Выбрать главу

«Взгляд на жизнь этих людей, моих сотоварищей по писанию состоял в том, что жизнь вообще идёт развиваясь и что в этом развитии главное участие принимаем мы, люди мысли, а из людей мысли главное влияние имеем мы – художники, поэты. Наше призвание – учить людей… Вера эта в значение поэзии и в развитие жизни была вера, и я был одним из жрецов её… Первым поводом к сомнению было то, что я стал замечать, что жрецы этой веры не все были согласны между собою. <…> И они спорили ссорились, бранились, обманывали, плутовали друг против друга. Кроме того было много между нами людей <…> достигающих своих корыстных целей с помощью этой нашей деятельности. Всё это заставило меня усомниться в истинности нашей веры».

Прежде всего, возникает впечатление, что для Толстого спор – это что-то вроде зубной боли. Приходится терпеть, но хочется поскорее от неё избавиться. Он полагал, что умные люди должны договориться между собой, прийти к единому, согласованному мнению. Иначе это не интеллектуалы. Но как можно выработать единые взгляды по основным проблемам, волнующим людей, если избегать дискуссий? Если не удаётся оппонента переубедить, загнать его в угол доказательствами своей правоты, значит, не готов к такому спору. Прав Лев Николаевич в одном: множество людей, не исключая и писателей, озабочены собственными проблемами – карьерой, заработком, жаждой славы. На остальное им наплевать, хотя на словах могут выглядеть поборниками справедливости и защитниками угнетённых. С другой стороны, нельзя же от каждого литератора требовать, чтобы он был светочем мысли. Многие просто развлекают, вполне прилично владея литературным языком и не считая, что непременно обязаны нести разумное и светлое… Ну что поделаешь, если эта задача им не по плечу?

Вообще же, учение – это слово вряд ли применимо к труду даже таких писателей, как Толстой или Достоевский. Правильнее было бы сказать, что сверхзадача писателя состоит в воспитании нравственности, хотя это понятие также может вызвать возражение, поскольку многие люди понимают воспитание как навязывание ученику каких-то чуждых ему мыслей, а кое-кому даже чудятся забор с колючей проволокой и сторожевые вышки с пулемётами. Пожалуй, самая точная формулировка такова: писатель должен по мере собственных сил и возможностей, которые ему предоставляет избранный им литературный жанр, способствовать повышению уровня нравственности своих читателей. Скорее всего, Толстой это прекрасно понимал, но когда в значительной степени исчерпал творческий потенциал в художественной литературе, стал придумывать самые нелепые оправдания. Позже он поверил в свои выдумки, и попытался создать нечто, со временем получившее звучное название «философского учения».

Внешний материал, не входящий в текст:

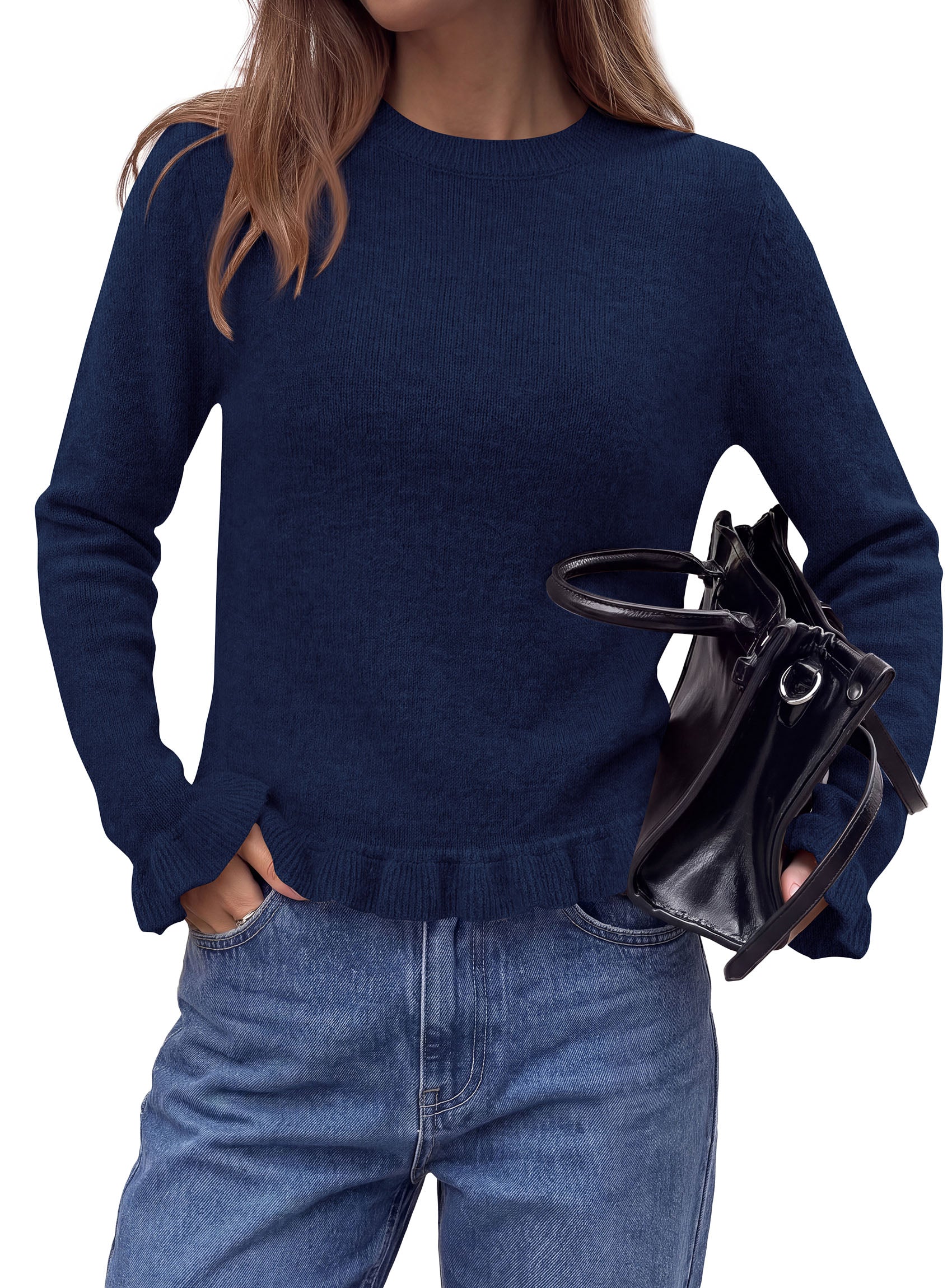 PRETTYGARDEN Women's Ruffle Sweaters Fall Fashion Cozy Knit Pullover  Soft Warm Chunky, Crewneck Long Sleeve, Cute Peplum Tops, Dressy Casual Blouses, Going Out Holiday, Trendy Winter Outfits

Как ни прискорбно это признавать, но если у читателя хватит терпения дочитать «Исповедь» Толстого до конца, неизбежно возникнет подозрение, что с головой у Льва Николаевича не всё было в порядке. Недаром сын Илья в «Моих воспоминаниях» пишет:

«Переживания последних лет жизни Гоголя во многом очень сходны с переживаниями отца. Та же разочарованность, тот же беспощадный и правдивый анализ самого себя и то же безысходное отчаяние».

Конечно, напряжённый творческий труд может повлиять на психику, но вряд ли в этом случае можно говорить о продуктивном самоанализе. Скорее, совсем наоборот – каждый из писателей ищет спасения для самого себя, но если Гоголь попытался найти выход в христианской религии и мистике, то Лев Николаевич решил создать некое подобие новой религии, которую он облёк в форму философского учения. В последние годы жизни Гоголь неуклонно шёл к своему безумию, но был ли психически здоров Толстой? Многократные повторы одних и тех же мыслей, противоречивость и бездоказательность некоторых суждений в той же «Исповеди» не объяснить преклонным возрастом – Толстому было чуть больше пятидесяти лет, когда он это написал:

«Я нашёл, что для людей моего круга есть четыре выхода из того ужасного положения, в котором мы все находимся. Первый выход есть выход неведения. Он состоит в том, чтобы не знать, не понимать того, что жизнь есть зло и бессмыслица. Люди этого разряда – большею частью женщины, или очень молодые, или очень тупые люди. <…> Второй выход – это выход эпикурейства. Он состоит в том, чтобы, зная безнадёжность жизни, пользоваться покамест теми благами, какие есть, <…> Этого второго вывода придерживается большинство людей нашего круга. <…> Третий выход есть выход силы и энергии. Он состоит в том, чтобы, поняв, что жизнь есть зло и бессмыслица, уничтожить её. Так поступают редкие сильные и последовательные люди. <…> Четвёртый выход есть выход слабости. Он состоит в том, чтобы, понимая зло и бессмысленность жизни, продолжать тянуть её, зная вперёд, что ничего из неё выйти не может».